Dari pengalaman saya pribadi, di setiap fase.periodenya, hasil pengukuran tidak mutlak sukses atau mutlak gagal. Ada bagian yang sukses, dan tak sedikit juga bagian yang gagal (saya pikir ini yang paling banyak terjadi). Dalam kondisi seperti ini, saran saya saya, sebaiknya dipilah-pilah:

  • Mana pekerjaan/tugas yang belum sukses dilaksanakan (lambat, tidak akurat, tidak efisien, dlsb), cari tahu mengapa demikian,sehingga tahu apa yang harus dilakukan kedepannya agar tidak terjadi kegagalan yang sama lagi, kalau bisa meningkat. Yang jelas, cara/pendekatan kerja yang salah, sebaiknya jangan dipakai lagi di periode/fase berikutnya.
  • Mana pekerjaan/tugas yang sudah sukses dilaksanakan—baik dari kecepatan maupun kualitas. Yang paling penting di sini: cara/metode kerja yang sukses perlu dicari tahu mengapa bisa sukses, sehingga bisa diimplementasikan, di-repeat, di wilayah lain, di fase berikutnya.

Hasil pengukuran, baik yang sukses maupun yang gagal, dijadikan sebagai input dalam menyusun strategi karir di periode/fase berikutnya. Adopsi teknik yang diterapkan oleh kawan-kawan di operation untuk meningkatkan kualitas output (product): “continuous improvement” (Keizen).

Ukuran Sukses Akuntan Dalam Bentuk Monetary

Lho… saya pikir ukuran sukses akuntan itu uang, mobil dan rumah mewah,” mungkin ada yang berpikir seperti itu.

Iya. Ada sebagian orang yang menggunakan monetary sebagai ukuran utama kesuksesan. Dan itu sah-sah saja (asal jangan sampai segala hal diukur dengan uang). Nyatanya kesuksesan memang sering berbanding lurus dengan harta yang berhasil diakumulasikan.

Tetapi saya pribadi tidak memandang kesuksesan dengan cara seperti itu. Bagi saya, akumulasi harta hanya efek atau konsekwensi dari kinerja:

  • Jika kinerja bagus, pertumbuhan karir bagus, tentu akumulasi harta juga mengikuti—sesuai dengan fase karir (level)
  • Jika kinerja kurang bagus, pertumbuhan karir biasa-biasa saja, tentu akumulasi harta juga tidak banyak  atau pas-pasan.

Tetapi sebagai pembanding, bisa saya gambarkan sbb:

  • Di level Pemula (New Entry): jika sukses—pertumbuhan karir lancar, fase ini bisa dilewati dalam waktu 2-5 tahun.

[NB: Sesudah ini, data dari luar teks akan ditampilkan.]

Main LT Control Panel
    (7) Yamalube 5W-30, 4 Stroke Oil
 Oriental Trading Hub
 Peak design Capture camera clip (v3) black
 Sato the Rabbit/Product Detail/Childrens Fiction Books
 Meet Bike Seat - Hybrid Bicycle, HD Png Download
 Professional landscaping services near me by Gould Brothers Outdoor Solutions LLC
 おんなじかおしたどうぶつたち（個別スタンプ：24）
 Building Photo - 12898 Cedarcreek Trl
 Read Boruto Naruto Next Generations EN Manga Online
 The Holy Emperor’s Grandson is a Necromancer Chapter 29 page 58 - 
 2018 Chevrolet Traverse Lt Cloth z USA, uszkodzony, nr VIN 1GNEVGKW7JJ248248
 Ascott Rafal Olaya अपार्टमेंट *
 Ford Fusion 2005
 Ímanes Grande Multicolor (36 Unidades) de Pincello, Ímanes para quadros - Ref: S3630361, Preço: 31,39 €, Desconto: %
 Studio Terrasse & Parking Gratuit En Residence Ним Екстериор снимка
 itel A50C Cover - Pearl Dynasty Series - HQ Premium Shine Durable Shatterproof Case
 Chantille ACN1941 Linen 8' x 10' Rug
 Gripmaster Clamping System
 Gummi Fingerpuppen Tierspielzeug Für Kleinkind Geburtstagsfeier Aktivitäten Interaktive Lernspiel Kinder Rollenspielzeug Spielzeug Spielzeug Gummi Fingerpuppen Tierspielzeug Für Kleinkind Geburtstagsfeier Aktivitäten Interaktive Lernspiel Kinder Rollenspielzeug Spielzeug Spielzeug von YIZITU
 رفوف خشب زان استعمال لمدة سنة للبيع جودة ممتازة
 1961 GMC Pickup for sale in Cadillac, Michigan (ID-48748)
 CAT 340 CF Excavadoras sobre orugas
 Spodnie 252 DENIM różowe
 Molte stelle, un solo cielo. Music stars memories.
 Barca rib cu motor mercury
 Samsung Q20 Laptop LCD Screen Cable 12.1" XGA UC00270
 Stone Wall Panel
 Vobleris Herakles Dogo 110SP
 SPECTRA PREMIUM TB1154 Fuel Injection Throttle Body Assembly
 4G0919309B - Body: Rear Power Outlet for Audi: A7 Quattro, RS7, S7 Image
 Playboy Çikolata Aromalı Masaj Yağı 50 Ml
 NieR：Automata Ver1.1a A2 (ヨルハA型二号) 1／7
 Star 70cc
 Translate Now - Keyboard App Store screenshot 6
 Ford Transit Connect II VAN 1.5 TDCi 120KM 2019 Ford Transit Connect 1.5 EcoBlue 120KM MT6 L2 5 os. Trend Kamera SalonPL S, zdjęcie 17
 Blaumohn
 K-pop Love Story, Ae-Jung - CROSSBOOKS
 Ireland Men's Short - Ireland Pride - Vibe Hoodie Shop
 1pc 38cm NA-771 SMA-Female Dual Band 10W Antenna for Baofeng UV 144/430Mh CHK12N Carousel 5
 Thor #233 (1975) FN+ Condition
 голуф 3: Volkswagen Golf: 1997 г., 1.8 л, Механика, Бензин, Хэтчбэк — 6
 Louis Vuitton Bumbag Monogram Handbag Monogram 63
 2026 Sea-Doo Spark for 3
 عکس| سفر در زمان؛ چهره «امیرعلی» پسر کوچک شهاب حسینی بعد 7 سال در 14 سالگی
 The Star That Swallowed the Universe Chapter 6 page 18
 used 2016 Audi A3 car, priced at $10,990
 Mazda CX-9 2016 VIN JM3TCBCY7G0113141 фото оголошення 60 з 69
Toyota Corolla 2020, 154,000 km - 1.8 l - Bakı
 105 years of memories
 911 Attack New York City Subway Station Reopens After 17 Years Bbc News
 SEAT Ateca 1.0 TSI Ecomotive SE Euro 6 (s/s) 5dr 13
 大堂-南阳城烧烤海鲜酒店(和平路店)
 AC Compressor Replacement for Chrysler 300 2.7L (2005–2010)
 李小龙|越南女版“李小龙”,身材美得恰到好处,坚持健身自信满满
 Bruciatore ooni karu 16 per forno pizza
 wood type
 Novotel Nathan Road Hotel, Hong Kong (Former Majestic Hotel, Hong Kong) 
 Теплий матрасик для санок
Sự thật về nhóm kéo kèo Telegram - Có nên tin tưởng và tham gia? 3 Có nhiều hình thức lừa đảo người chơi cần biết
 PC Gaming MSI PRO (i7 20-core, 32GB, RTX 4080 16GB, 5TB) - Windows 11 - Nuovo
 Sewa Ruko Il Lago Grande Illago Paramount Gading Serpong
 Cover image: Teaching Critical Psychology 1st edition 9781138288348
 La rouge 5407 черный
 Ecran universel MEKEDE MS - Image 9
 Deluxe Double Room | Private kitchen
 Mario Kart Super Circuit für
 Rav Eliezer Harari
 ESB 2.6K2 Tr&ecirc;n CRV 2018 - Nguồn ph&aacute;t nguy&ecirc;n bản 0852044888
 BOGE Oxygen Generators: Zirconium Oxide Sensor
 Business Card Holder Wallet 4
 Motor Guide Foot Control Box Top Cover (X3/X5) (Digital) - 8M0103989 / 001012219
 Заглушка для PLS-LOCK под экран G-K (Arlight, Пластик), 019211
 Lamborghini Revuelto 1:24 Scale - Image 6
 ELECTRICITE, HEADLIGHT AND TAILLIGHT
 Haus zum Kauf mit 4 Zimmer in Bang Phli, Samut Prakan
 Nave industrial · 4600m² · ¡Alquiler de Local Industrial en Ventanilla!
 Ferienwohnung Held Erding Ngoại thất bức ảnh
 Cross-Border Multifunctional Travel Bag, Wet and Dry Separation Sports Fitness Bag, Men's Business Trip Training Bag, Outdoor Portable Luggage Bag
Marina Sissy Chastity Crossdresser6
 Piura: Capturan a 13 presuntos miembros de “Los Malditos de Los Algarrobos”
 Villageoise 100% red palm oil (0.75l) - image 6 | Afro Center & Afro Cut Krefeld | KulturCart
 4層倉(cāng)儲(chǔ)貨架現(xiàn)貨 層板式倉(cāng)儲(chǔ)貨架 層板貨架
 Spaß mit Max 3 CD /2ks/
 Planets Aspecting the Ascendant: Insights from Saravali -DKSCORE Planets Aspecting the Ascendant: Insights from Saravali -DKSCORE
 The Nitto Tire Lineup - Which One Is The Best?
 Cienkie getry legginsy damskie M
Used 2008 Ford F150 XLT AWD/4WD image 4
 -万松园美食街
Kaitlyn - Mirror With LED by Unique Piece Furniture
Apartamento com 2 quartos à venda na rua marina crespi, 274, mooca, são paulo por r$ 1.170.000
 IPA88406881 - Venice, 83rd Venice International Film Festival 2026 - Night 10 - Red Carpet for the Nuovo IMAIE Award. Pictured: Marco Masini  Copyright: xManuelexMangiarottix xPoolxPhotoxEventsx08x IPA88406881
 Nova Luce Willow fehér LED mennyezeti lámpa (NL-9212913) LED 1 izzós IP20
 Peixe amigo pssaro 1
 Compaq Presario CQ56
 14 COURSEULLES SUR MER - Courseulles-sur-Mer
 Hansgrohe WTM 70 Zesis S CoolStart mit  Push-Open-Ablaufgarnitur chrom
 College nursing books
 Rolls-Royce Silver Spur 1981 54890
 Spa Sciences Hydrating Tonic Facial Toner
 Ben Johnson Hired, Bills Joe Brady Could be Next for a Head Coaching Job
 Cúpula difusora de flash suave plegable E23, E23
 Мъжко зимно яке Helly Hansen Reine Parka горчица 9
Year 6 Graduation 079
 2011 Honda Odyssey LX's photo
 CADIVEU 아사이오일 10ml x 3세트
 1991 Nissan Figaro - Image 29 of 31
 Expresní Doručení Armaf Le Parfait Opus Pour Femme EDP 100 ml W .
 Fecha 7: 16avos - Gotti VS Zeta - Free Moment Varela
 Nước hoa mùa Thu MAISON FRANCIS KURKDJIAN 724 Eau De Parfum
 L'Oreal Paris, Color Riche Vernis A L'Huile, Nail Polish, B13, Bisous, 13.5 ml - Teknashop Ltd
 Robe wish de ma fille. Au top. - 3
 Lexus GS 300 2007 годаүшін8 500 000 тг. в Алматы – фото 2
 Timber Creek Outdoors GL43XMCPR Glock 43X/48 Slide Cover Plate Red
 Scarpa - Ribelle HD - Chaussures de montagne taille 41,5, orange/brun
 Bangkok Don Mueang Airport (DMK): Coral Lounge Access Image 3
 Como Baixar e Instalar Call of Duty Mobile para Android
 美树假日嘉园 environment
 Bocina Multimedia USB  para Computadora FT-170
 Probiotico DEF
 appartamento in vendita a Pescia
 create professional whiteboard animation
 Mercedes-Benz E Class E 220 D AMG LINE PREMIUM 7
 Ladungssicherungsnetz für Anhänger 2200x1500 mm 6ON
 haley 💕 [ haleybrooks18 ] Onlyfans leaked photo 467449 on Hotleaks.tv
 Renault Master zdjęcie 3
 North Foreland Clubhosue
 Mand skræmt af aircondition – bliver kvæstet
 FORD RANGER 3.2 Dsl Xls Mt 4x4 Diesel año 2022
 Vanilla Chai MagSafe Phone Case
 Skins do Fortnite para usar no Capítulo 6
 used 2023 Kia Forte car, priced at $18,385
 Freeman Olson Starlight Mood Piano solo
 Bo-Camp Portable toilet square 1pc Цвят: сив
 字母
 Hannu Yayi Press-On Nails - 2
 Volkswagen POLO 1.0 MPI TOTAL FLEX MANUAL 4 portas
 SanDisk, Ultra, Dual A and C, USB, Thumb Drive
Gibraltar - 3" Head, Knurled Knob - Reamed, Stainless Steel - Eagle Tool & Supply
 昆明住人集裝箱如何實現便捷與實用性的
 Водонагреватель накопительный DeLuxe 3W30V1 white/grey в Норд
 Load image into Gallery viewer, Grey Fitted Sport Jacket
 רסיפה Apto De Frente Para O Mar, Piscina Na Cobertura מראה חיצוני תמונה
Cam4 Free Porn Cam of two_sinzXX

Hasil dalam bentuk monetary, cukup untuk bisa hidup mandiri, membeli gadget yang diinginkan, rekreasi seperlunya.
  • Di level Madia (Middle Management): jika sukses—pertumbuhan karir lancar, fase ini bisa dicapai dalam waktu 5-10 tahun. Hasil dalam bentuk monetary, cukup untuk menghidupi keluarga kecil, membeli fasilitas rumah/mobil, bisa rekreasi dengan keluarga, seperlunya.
  • Di level Eksekutif (Executive): jika sukses—pertumbuhan karir lancar, fase ini bisa dicapai dalam waktu 10-25 tahun. Hasil dalam bentuk monetary, saya pikir tidak perlu disebutkan, bisa anda kira-kira sendiri.

Kadang kita sering terlena ketika bicara kesuksesan, lupa bahwa pada kenyataannya: kesuksesan lebih mudah diucapkan ketimbang diraih. Dalam skenario normal, kesuksesan dan kegagalan sering berdampingan atau datang silih-berganti.

Kesuksesan bukan untuk kita pamerkan atau sombongkan, dan kegagalan bukan untuk dijadikan alasan untuk berputus asa atau merasa rendah diri. Sukses-atau-gagal adalah persoalan system. System yang anda gunakan dalam mengembangkan karir. Bukan persoalan pribadi. So, you do not want to take it personally. Jadikan itu sebagai input, bahan pertimbangan dan koreksi, untuk menata langkah ke depan—sehingga menjadi lebih baik dan lebih sukses dibandingkan sebelumnya. Semoga.